• [Activity]
Give the listing again in full and exactly, apart from its pictures.

• [Data segment]
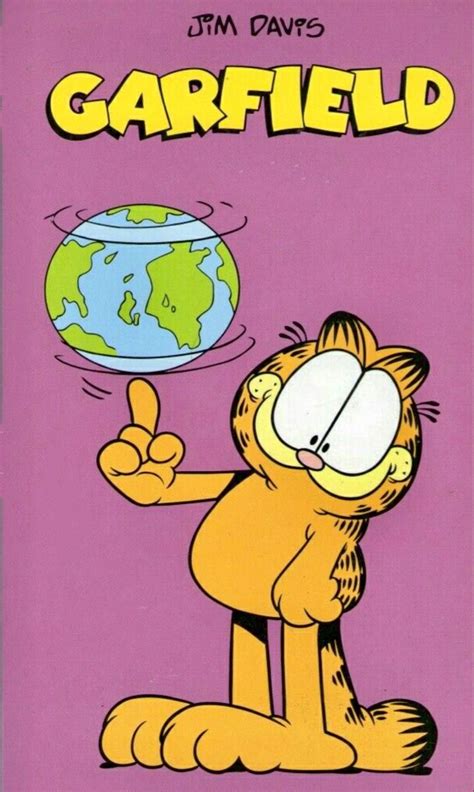 Garfield The Cat Is Holding A Globe In His Hand And Pointing To It S Left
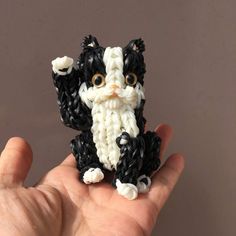 a hand holding a small black and white cat figurine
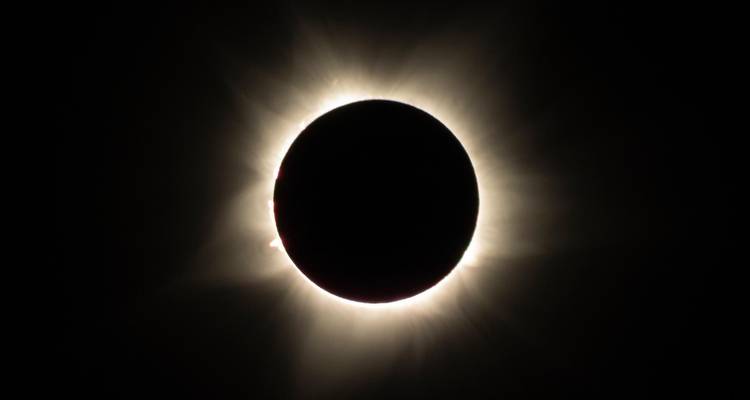 Solar eclipse with a black circle surrounded by a glowing ring.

• [Response to the task]
 Garfield The Cat Is Holding A Globe In His Hand And Pointing To It S Left
 a hand holding a small black and white cat figurine
 Solar eclipse with a black circle surrounded by a glowing ring.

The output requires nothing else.